Example Usage in AI Editors:

Once configured, you can ask your AI assistant to search your codebase with natural language queries like:

"Do the probe and search my codebase for implementations of the ranking algorithm"

"Using probe find all functions related to error handling in the src directory"

AI Chat Mode

Run Probe as an interactive AI assistant:

probe chat

This starts an interactive CLI interface where you can ask questions about your codebase and get AI-powered responses.

Features

AI-Powered Search: Uses LLMs to understand your questions and search the codebase intelligently
Multi-Model Support: Works with both Anthropic's Claude and OpenAI's GPT models
Token Tracking: Monitors token usage for both requests and responses
Conversation History: Maintains context across multiple interactions
Colored Output: Provides a user-friendly terminal interface with syntax highlighting

Configuration

Configure the chat using environment variables:

# Use Claude models (recommended)
export ANTHROPIC_API_KEY=your_api_key
probe chat

# Or use OpenAI models
export OPENAI_API_KEY=your_api_key
probe chat

# Override the default model
export MODEL_NAME=claude-3-opus-20240229
probe chat

# Override API URLs (useful for proxies or enterprise deployments)
export ANTHROPIC_API_URL=https://your-anthropic-proxy.com
export OPENAI_API_URL=https://your-openai-proxy.com/v1
probe chat

# Enable debug mode for detailed logging
export DEBUG=1 probe chat

Example Usage

❯ How does the ranking algorithm work?

─ Response ─────────────────────────────────────────────────────────
I'll explain how the ranking algorithm works in the codebase.

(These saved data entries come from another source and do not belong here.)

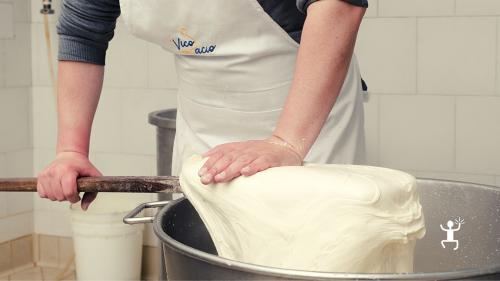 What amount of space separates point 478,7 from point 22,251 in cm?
198

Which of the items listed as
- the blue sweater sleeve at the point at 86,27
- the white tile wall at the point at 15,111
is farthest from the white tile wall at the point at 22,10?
the blue sweater sleeve at the point at 86,27

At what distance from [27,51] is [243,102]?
1.79m

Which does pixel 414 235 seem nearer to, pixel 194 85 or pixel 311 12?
pixel 311 12

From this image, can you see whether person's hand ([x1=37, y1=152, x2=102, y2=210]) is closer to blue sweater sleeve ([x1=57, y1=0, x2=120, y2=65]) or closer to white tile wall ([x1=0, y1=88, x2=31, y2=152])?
blue sweater sleeve ([x1=57, y1=0, x2=120, y2=65])

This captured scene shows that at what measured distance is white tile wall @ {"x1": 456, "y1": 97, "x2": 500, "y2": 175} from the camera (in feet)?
A: 7.89

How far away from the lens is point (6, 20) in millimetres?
2973

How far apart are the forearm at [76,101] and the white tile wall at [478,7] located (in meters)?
1.25

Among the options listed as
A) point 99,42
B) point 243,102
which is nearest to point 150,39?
point 99,42

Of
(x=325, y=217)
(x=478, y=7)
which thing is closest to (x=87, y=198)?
(x=325, y=217)

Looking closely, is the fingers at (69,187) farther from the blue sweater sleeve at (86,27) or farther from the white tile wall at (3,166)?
the white tile wall at (3,166)

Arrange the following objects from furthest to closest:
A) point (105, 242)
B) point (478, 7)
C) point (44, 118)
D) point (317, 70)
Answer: point (44, 118) → point (105, 242) → point (478, 7) → point (317, 70) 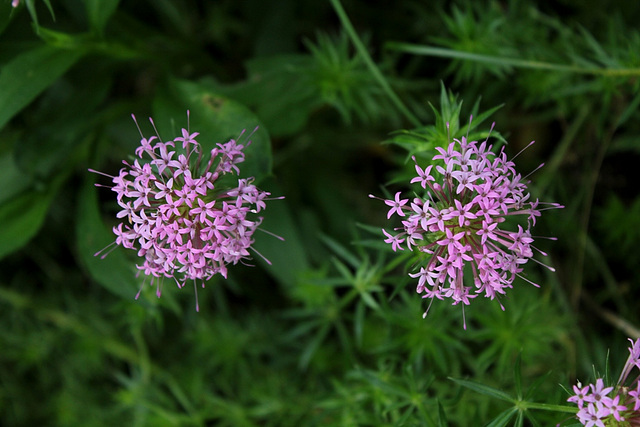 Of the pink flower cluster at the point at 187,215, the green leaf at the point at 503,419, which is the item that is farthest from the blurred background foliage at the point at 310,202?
the pink flower cluster at the point at 187,215

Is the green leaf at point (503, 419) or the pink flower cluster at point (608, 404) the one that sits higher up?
the pink flower cluster at point (608, 404)

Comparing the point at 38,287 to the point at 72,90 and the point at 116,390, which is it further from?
the point at 72,90

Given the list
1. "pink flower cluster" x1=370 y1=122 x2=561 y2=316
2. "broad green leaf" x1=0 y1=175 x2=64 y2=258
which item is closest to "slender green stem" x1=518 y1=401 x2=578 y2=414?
"pink flower cluster" x1=370 y1=122 x2=561 y2=316

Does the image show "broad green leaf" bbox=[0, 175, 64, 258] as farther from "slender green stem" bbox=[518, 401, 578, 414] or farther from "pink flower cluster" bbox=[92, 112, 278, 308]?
"slender green stem" bbox=[518, 401, 578, 414]

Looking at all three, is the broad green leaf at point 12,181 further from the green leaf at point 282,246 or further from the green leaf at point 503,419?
the green leaf at point 503,419

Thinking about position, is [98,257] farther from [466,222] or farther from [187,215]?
[466,222]

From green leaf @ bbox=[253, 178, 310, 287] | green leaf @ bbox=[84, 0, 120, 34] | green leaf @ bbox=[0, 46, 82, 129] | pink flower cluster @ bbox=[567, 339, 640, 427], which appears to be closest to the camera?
pink flower cluster @ bbox=[567, 339, 640, 427] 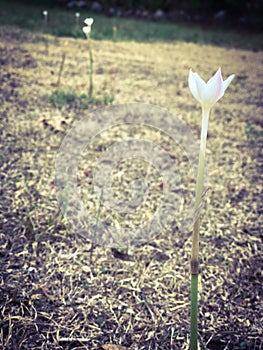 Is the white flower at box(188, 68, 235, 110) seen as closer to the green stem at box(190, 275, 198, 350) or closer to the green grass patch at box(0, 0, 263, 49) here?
the green stem at box(190, 275, 198, 350)

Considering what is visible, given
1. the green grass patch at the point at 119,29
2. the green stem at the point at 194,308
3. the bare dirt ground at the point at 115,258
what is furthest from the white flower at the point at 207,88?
the green grass patch at the point at 119,29

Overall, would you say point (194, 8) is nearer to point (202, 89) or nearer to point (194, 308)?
point (202, 89)

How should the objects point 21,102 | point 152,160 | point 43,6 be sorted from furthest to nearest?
1. point 43,6
2. point 21,102
3. point 152,160

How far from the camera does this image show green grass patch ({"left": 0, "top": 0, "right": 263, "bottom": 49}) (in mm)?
4535

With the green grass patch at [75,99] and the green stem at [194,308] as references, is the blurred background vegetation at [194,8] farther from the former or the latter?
the green stem at [194,308]

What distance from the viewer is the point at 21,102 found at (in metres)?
2.61

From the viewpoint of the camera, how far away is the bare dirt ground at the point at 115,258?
4.26 feet

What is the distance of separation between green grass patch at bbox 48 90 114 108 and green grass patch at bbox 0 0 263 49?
1.78 metres

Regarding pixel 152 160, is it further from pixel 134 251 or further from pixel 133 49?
pixel 133 49

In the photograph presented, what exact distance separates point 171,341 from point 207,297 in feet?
0.83

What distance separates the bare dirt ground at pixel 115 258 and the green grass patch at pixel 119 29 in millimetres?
1870

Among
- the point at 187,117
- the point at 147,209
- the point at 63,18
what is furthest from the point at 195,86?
the point at 63,18

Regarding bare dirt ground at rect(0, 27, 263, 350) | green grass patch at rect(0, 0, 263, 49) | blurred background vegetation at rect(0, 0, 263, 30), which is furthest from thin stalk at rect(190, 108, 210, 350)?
blurred background vegetation at rect(0, 0, 263, 30)

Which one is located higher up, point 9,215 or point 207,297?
point 9,215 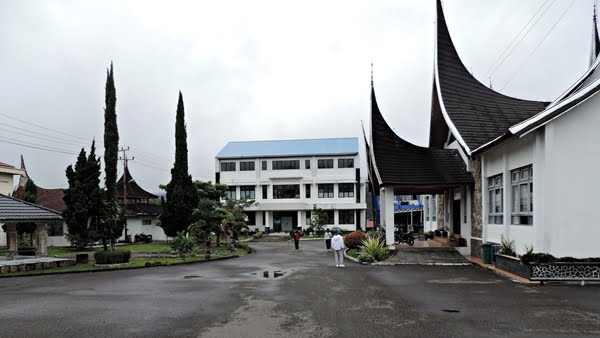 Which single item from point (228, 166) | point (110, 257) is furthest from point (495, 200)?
point (228, 166)

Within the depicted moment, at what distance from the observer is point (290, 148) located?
177 ft

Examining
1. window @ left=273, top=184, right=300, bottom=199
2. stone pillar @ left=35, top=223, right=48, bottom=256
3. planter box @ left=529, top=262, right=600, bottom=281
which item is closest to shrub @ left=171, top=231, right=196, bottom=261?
stone pillar @ left=35, top=223, right=48, bottom=256

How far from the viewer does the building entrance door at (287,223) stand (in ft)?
174

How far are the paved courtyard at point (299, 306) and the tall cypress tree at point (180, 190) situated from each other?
15.0 m

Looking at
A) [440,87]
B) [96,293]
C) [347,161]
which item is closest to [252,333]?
[96,293]

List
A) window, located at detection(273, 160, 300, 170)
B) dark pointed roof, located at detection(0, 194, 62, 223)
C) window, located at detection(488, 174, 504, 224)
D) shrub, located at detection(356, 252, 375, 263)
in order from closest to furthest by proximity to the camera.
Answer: window, located at detection(488, 174, 504, 224) < shrub, located at detection(356, 252, 375, 263) < dark pointed roof, located at detection(0, 194, 62, 223) < window, located at detection(273, 160, 300, 170)

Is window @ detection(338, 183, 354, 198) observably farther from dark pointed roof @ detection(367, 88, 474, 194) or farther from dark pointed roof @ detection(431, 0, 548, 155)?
dark pointed roof @ detection(367, 88, 474, 194)

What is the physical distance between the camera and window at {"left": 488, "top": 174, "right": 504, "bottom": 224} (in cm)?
1814

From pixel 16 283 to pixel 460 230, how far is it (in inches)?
733

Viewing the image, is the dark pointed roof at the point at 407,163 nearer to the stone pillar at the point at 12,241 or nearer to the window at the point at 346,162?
the stone pillar at the point at 12,241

The ranking system in Probe uses multiple algorithms to sort search results by relevance. The main ranking algorithms are:

1. TF-IDF (Term Frequency-Inverse Document Frequency)
2. BM25 (Best Matching 25)
3. Hybrid (a combination approach)

Let me break down each approach:

## TF-IDF Ranking

TF-IDF weighs terms based on how frequently they appear in a document versus how common they are across all documents.

Key implementation details:
- Term frequency (TF) measures how often a term appears in a document
- Inverse document frequency (IDF) measures how rare a term is across all documents
- Final score is calculated as TF × IDF

## BM25 Ranking

BM25 is an advanced ranking function that improves upon TF-IDF by adding document length normalization.

Key implementation details:
- Uses parameters k1 (term frequency saturation) and b (document length normalization)
- Handles edge cases like empty documents and rare terms
- Provides better results for longer documents

## Hybrid Ranking

The hybrid approach combines multiple ranking signals for better results:

1. Combines scores from both TF-IDF and BM25
2. Considers document length and term positions
3. Applies normalization to ensure fair comparison

The default reranker is "hybrid" which provides the best overall results for code search.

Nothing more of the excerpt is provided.